Should tumblr Book Blogs Receive Free Review Copies, Too? | YA Talk

If you're not active on tumblr, you probably have no idea about what's going on in the bookish world there. Tumblr is a micro-blogging site, based on resharing content. There are tons of small communities in tumblr and one of them is centered around bookblogging as well.

What's Going On??

In the last couple of days a few users have stated complaints about not getting review copies and not being recognized as proper "bloggers" in comparison to WordPress/Blogger/Self-hosted users.

The big argument was mainly that tumblr blogging can reach a bigger audience just as easily as regular blogging. Especially users with huge followings said that they know of a lot of people who have bought a certain book solely because they posted about it.

As a micro-blogging site, tumblr works completely different to other blogging sites. You don't need to lift a finger to fill your blog with thousands of posts, all you have to do is reshare content through the "reblogging" option. Some users argued that they do post some original content and get most of their traffic through that. However, I don't think you can say it's the same thing, can you?

Two Sides of the Same Coin?

As a user of both I understand both sides. I get that people who have used tumblr for years want their recognition for having gained a solid following. It's still a fact that tumblr isn't necessarily the right medium if you're looking to reach a big audience and build a following.

Followers on tumblr mostly don't care about the person behind the blog or their content. For instance, I follow around 500 blogs on tumblr and about 80 via Bloglovin'. I actually go through the post of all the regular blogs I follow, while my tumblr dashboard is just a cluttered mess.

As a blogger user I have mixed feelings about this sudden mini uprising. I gained a couple thousand followers by barely doing anything other than reblogging posts on tumblr. I gained around 500 total followers on my Blogger blog with a lot of hard work, hours of refining posts and trying to get my name out there. 

Blogging is hard. Tumblr-ing? Not so much.

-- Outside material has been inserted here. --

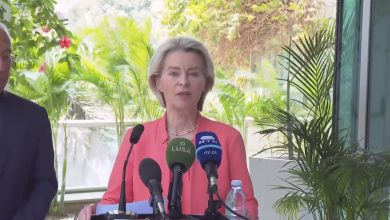 المفوضية الأوروبية تؤكد على سيادة أوكرانيا وحقها في تقرير مصير جيشها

From the Publishing Point of View

I perfectly understand why tumblr isn't treated equally to external blogging platforms. First off - it's not blogging at all. It's resharing! It's getting recognition for the content that other people created. I don't even think tumblr users should be allowed to host ads on their sites.

Publishers are always looking for exposure. Review copies are sent out to increase the buzz around a book. Tumblr has a  major impact on teenage culture, but is it really the right platform for literary critique? I scroll past reviews 99% of the time. Tumblr is not the platform I go to when I look for opinions.
Blogging is about stating your opinion. Opinions on tumblr are never a good thing. You get attacked for almost everything on tumblr.

Why would this be different if we all started to post book reviews there?

It's easy to yell injustice, but to me, there is no injustice. Tumblr and third-party-blogging sites aren't the same thing. Why would publishers send out review copies for users of a platform that isn't about reviewing at all?

- Against
  • tumblr users rarely have experience in writing. Remember our first reviews? They were a mess. Everything needs practice. Sending out copies blindly to people just because of their following is a little naive.
  • The effort involved in gaining tumblr fame is dramatically different than effort involved in gaining blogging fame
  • tumblr followings don't even remotely equal to the amount of regular readers
  • Why give out review copies if no one on tumblr reads reviews? There has to be some form of compensation for the authors/publishers
  • Controversy isn't welcome on tumblr, neither are (negative) opinions. How could you judge a book honestly on tumblr without causing a shitstorm?
+ In Favor
  • Gaining a huge tumblr following takes time, too
  • Many people decide to buy books because of tumblr edits
  • Instagram and other websites are recognized as business platforms, too, why not tumblr?
  • Many young adults are more active on tumblr than reading regular blogs

Do you think tumblr bloggers should be treated equal to regular bloggers? Do you think they should get review copies, too?